In fact once you start to look around, there are quite a lot of binary oppositions in British society. The legal system for a start: prosecution and defence locked into trying to persuade the jury of the rightness of the case they are being paid to defend. They may not believe their clients but their job is convince through their rhetoric or their skill in demolishing their opponents. Any idea of impassively and objectively seeking the truth is simply not part of the business. And then there is the institution of the debate, a key part of the elite Oxford and Cambridge student 'unions' and mimicked in the so-called public schools (they are actually private). Debates between two oppositions encourage black and white thinking, there is a failure to appreciate subtlties or any encouragement to negotation or consensus.
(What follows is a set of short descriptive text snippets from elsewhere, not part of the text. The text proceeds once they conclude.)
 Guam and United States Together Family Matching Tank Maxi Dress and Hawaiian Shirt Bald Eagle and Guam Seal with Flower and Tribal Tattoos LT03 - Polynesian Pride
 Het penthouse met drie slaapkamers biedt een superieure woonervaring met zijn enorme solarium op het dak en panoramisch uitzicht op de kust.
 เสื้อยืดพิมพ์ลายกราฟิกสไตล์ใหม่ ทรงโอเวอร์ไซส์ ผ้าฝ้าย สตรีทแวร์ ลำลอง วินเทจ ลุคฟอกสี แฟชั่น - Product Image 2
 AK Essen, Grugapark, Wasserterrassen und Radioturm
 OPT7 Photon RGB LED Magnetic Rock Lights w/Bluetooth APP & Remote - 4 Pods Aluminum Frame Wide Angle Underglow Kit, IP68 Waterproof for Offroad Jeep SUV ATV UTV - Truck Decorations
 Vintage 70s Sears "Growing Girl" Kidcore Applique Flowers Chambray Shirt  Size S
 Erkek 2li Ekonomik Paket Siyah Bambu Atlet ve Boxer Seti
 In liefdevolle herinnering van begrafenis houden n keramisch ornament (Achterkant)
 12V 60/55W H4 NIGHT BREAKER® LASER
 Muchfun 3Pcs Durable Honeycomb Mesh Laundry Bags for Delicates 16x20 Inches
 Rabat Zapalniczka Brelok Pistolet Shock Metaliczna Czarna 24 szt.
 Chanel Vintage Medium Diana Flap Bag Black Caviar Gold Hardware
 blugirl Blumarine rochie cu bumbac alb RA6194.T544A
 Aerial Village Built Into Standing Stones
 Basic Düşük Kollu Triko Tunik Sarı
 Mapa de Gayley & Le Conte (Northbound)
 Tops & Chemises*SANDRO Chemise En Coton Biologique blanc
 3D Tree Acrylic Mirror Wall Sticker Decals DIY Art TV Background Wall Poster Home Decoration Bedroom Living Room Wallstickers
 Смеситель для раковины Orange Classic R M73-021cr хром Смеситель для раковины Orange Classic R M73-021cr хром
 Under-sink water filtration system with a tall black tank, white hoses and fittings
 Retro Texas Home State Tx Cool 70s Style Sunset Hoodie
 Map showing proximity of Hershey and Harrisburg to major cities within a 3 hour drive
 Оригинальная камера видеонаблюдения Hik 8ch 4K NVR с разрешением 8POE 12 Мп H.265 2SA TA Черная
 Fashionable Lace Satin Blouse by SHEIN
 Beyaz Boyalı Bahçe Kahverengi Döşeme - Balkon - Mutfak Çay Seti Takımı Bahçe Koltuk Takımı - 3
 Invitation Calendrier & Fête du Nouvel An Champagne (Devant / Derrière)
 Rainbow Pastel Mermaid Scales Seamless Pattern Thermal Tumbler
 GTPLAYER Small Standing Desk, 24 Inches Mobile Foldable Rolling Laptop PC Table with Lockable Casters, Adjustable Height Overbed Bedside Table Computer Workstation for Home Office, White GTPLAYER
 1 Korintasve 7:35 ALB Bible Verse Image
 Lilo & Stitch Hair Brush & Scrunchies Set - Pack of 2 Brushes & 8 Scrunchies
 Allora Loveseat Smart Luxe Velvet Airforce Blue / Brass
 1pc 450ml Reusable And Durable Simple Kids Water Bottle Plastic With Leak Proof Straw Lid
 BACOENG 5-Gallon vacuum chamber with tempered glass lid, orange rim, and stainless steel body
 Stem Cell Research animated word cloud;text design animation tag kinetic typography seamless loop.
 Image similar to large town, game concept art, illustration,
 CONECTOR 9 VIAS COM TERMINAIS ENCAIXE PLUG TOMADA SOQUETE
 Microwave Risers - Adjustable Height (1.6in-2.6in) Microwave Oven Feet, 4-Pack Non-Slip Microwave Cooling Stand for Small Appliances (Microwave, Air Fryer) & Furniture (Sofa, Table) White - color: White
Lots of binary opposition then. No wonder no-one can agree on anything. But why has this developed only now? For the answer we need to look back at history. England had a nasty civil war in the 17th century. King Charles I lost his head, and so did many others. This came after some vicious disputes over religion, lots of burnings at the stake etc. The solution seemed to be a historic compromise achieved in 1688 when the Dutch William of Orange took the throne after a palace coup (British version) or a Dutch invasion (Dutch version). Monarch and Parliament agreed a compromise, a division of powers and religious toleration (of a sort) was agreed. Ok, Catholics were still second-class citizens, as were dissenting Christians, but the killings, the burnings and the torturing stopped, and one of the defining characteristics of the true British gentleman came to be a phlegmatic tolerance, part of which was a strong presumption against political and religious 'enthusiasm', which in those days was understood to mean what we would now call 'passion' or 'evangelism'.

For the next three centuries this held pretty well. The historic compromise became part of the ethos of an effective and relatively tightly-knit ruling class. Disputes and disagreements could be aired, but always within the constraints of a set of rules of behaviour strictly controlled by the elite – who all went to the same schools, played the same games, read the same papers and tended to marry each other. This elite was always flexible, with newcomers such as vulgar industrialists, religious dissidents successful in business and valuable members of minorities (i.e. Jews) were never excluded for too long and eventually invited to join. The rough and tumble of parliamentary debate was between men who were basically all part of the same club. Politics in Victorian England may have been a constant ding-dong between two men who hated each other (William Gladstone and Benjamin Disraeli, the latter a Jewish convert) but who agreed the ground rules.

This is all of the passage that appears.